Sports Offer More Than Winning

Female athletes have been subject to harmful expectations for years. They want to bring back the joy.

a woman running across the finish line in a track relay race
Running the anchor leg, American Wilma Rudolph crosses the finish line to win the women's 400-meter relay at the 1960 Summer Olympics in Rome. (Bettmann / Getty)

A certain amount of discomfort is required for growth. That’s, in part, where expressions such as no pain, no gain come from—but in sports, that pain is frequently literal. Athletes push their body in order to shave a few seconds off a race time, or gain a point on a routine.

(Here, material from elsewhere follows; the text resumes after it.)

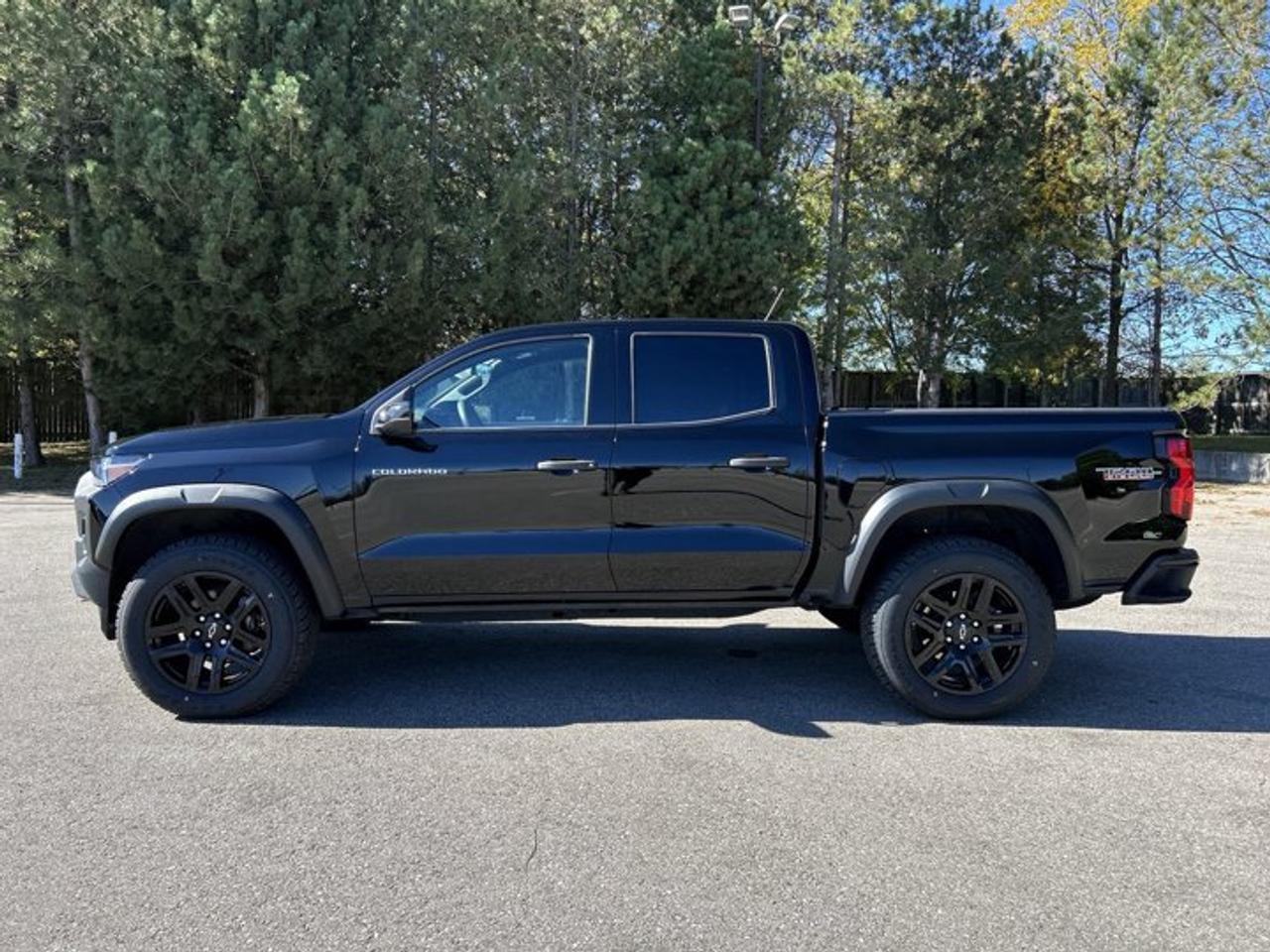 2024 Chevrolet Colorado Trail Boss Crew Cab 5' Box 4WD | One Owner Photo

In her memoir, Good for a Girl, the accomplished runner Lauren Fleshman shows how this demand for perfection is detrimental to athletes, especially women. The writer Amanda Parrish Morgan is also familiar with the high costs of this culture; in her review, she recalls the glamorization of disordered eating and collapsing on the track. When she and Fleshman were running in the 1990s, women were expected to be not only fast and strong, but also thin, no matter what it took.

Their experiences demonstrate that while sports may seem objective—there’s a winner and a loser, someone is the best, someone worked the hardest—society’s judgments still seep in. The ballerina Misty Copeland has had to push others to recognize her as an athlete: Her art is meant to look effortless, but is still an exhausting physical feat on par with competitive events. Discussions over the acceptability of women’s uniforms have sometimes eclipsed acknowledgment of their skills, like Suzanne Lenglen’s short sleeves and low neck at Wimbledon in 1919 and Serena Williams’s catsuit at the French Open in 2018. Even as women achieve new heights, outdated, dismissive attitudes toward their achievements still echo, like the 19th-century idea that women simply weren’t made for sports—that they couldn’t possibly understand them, let alone master them.

Fleshman makes a case for moving away from a culture of suffering, in part by focusing on the sincere joy of athleticism. Other writers are also trying to do something similar. In her book The Long Run, Catriona Menzies-Pike runs as a way to process the grief from the loss of her parents. She’s not hiding her feelings in the pain, but using every success and disappointment from her training as another step toward “renewal”—as my colleague Sophie Gilbert put it, “running toward something, as opposed to away from it.”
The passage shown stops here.